XeTeX (with bidi package) is the least worst alternative among others. I am using it for now to do serious typesetting. But I find it it a bit too much of a challenge to understand the TeX macro language (despite having programmed professionally before), which is needed in many situations.
If LuaTeX had harfbuzz, I could have considered using it. but not sure when that is going to happen. I might try to do it myself if I feel like there is no other alternative :). The existing shaping engine inside LuaTeX is really crap. So much for this being the holy grail, as some people on the internet would like to believe!
For e.g, here is a screenshot for LuaLaTeX (makes me cry):
vs. XeLaTeX:
Ah well, I am sure you have seen/heard all of this before. I will continue looking into this whenever time and energy permits. But if you have any pointers from your earlier experience, it will be nice to know about it.
I mean software like Pango, major web browsers or office suits, all implement RTL support in a very satisfactory way. TeX world are still struggling to get out of the 80s, so you see lets of discussions and re-discovery of what the rest of software industry have been done with for decades.

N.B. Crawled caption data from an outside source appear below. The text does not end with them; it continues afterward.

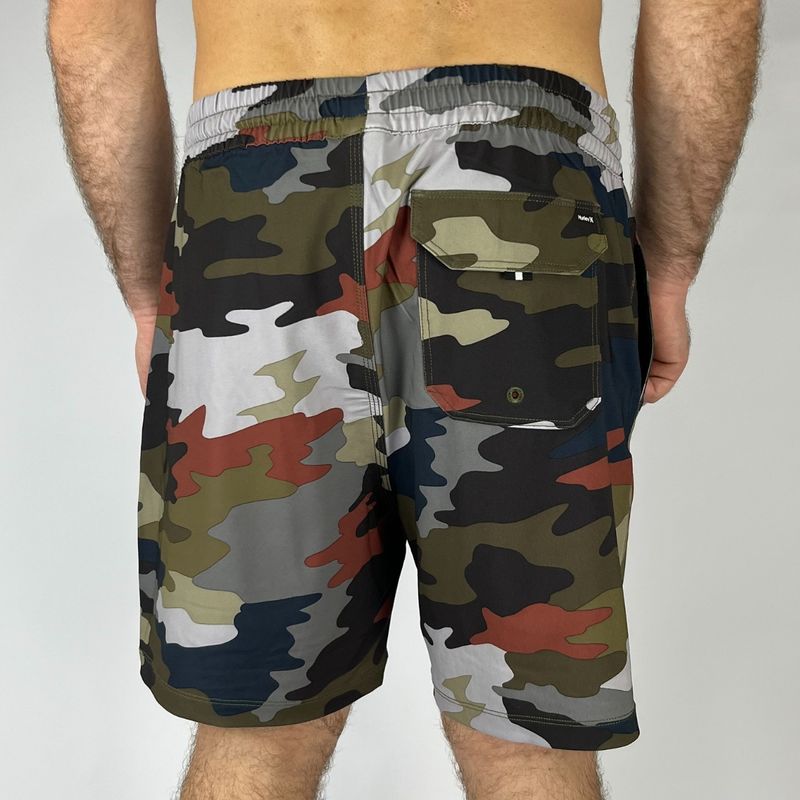 bermuda-hurley-phantom-elastico-cannonball-17-camuflada-hybm030028--6-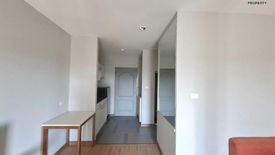 1 Bedroom Condo for sale in Dream Boxx Condo, Bang Sao Thong, Samut Prakan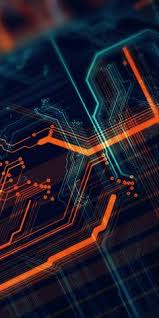 50 wallpaper samsung ideas samsung wallpaper wallpaper android wallpaper 50 wallpaper samsung ideas samsung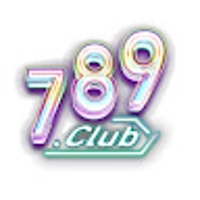 789club8uk Com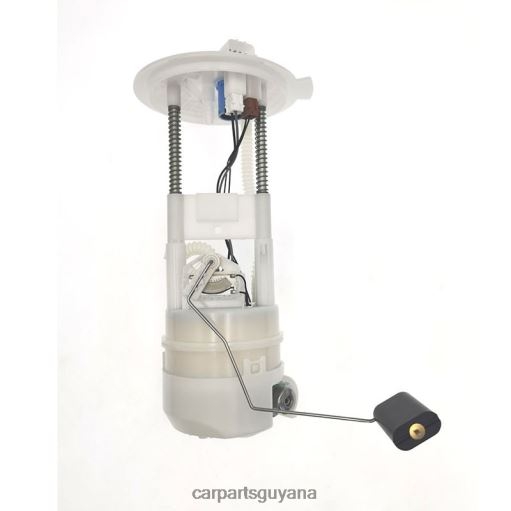 Fuel Pump Module 17040-4KH0A 17040-5JJ0A for NISSAN 2F6T21216 auto supply guyana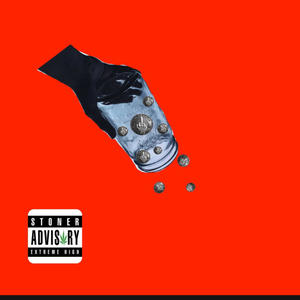 Empty (feat. Gare) (Explicit)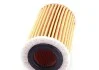Масляный фильтр MAHLE / KNECHT OX 209D (фото 5)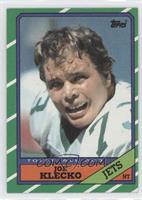 Joe Klecko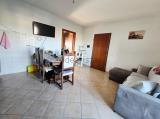 Appartamento, FIANO ROMANO, 96.000 €, 48,00 mq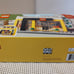 Lego 40528 Lego Store Building Set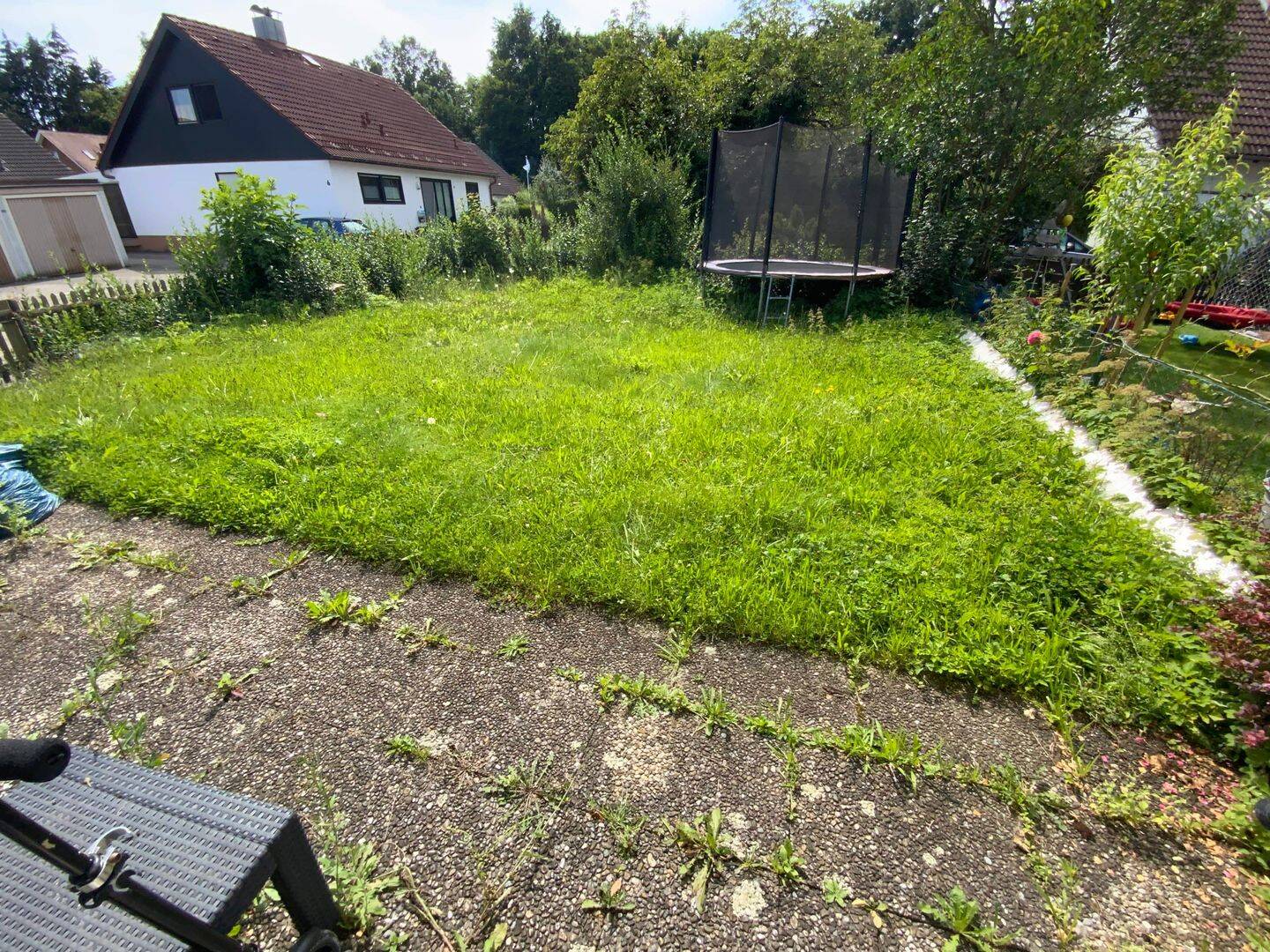 Bild 2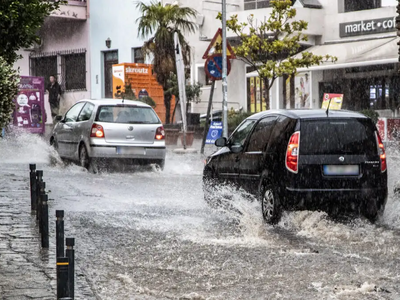 ΕΜΥ: Τα νέα στοιχεία για την κακοκαιρία ...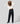 Dickies Duck Canvas Pant W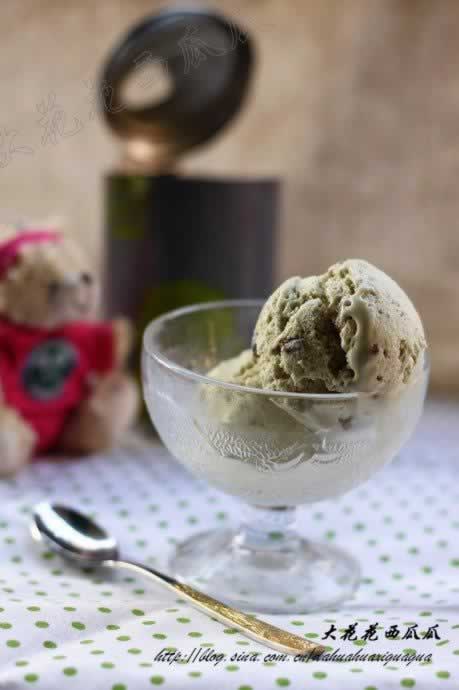 Ĩ��춹����ܵ����������Ʊ����裩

From my perspective, the problem is that all this RTL best-practice is not available in ways that are particularly easy to access. Office suites and web browsers are huge systems which (necessarily) wrap everything in many layers of abstraction and interconnected components. At the same time, reading UAX 9 and UAX 14 and trying to implement RTL text at the presentation layer is like learning to drive a car by reading the engine maintenance manual. And none of the Unicode books do a good job of describing what you need to do to support RTL properly.
OK, I have now tried the clever solution (going back to the original unshaped nodes) and it doesn't work. This is because (a) if the unshaped node contains a paragraph full of text, you may already dealt with part of the text when you hit the page break, so you don't want to push back the whole paragraph, (just the bit that hasn't been output yet) and (b) if the text contained in the node doesn't fit in the upcoming frame, you end up pushing it back and back and back ad infinitum. So I'm sticking with the stupid solution for the time being until someone demonstrates it to be inadequate.
I'm working on setting up local tests in #592 and was unable to replicate what I think was the breaking condition for tests/sura-2.sil
. That being said I do have it outputting something that is clearly wrong, but possibly for other reasons. As I'm not entirely sure what the pushback bug is/was I don't know if it's the same as this, but I'm marking the test as known-bad and moving on. My current output is:
The test output looks correct to me. There is a line breaking issue in the first line of the second page, but I think it is just an overflowing box. Running the test now gives slightly different output (I think because of a different version of AmiriQuran), but I think the original issue is fixed.
Here is some code to typeset two Urdu poems. The first Urdu poem consists of 6 stanzas of 4 lines each. In order to replicate the problem, the last 3 stanzas are exactly the same. The second Urdu poem is short and just spans a single page.
Output PDF here: https://www.dropbox.com/s/1prkct10yfmx9zb/urdu.pdf?dl=0
Here is the screenshot of the buggy portion at the beginning of page 2:
If you notice, the first stanza on page 2 is typeset really weirdly. It should basically look the same as the stanza after and before it.
This seems to happen only when an automatic page break occurs. When I force a page break with
\eject\par
as shown in the example above, this problem does not manifest itself.